* **Exercise description**
Your job is to set down the stretch of entries that opens with the line containing "GymBeam Skládací podložka" and closes with the line containing "[Bloom] PULSERA DE". Keep both end lines, copy each exactly, and add nothing.

* **Exercise data**
----------------

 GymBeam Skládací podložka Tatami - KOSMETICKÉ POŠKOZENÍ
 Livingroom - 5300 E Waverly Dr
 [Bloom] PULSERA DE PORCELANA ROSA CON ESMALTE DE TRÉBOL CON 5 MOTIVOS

----------------

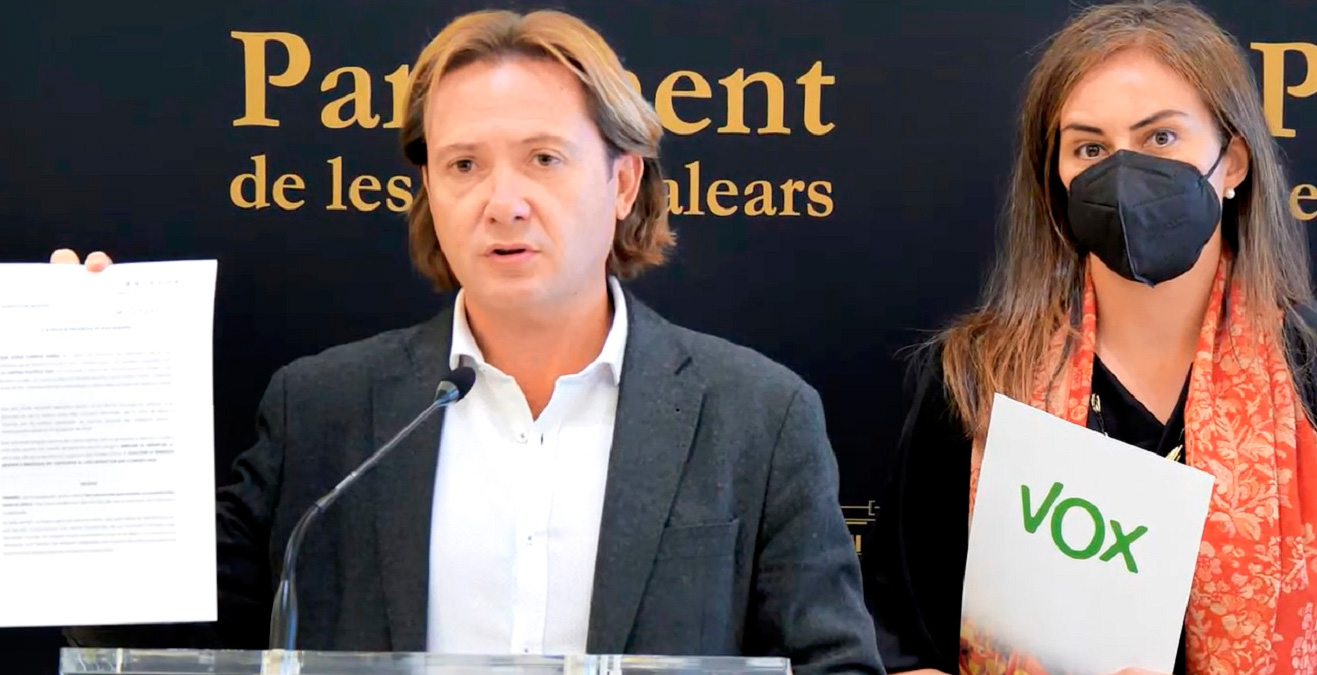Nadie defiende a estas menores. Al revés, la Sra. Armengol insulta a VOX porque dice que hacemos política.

----------------

* **Exercise answer**
 GymBeam Skládací podložka Tatami - KOSMETICKÉ POŠKOZENÍ
 Livingroom - 5300 E Waverly Dr
 [Bloom] PULSERA DE PORCELANA ROSA CON ESMALTE DE TRÉBOL CON 5 MOTIVOS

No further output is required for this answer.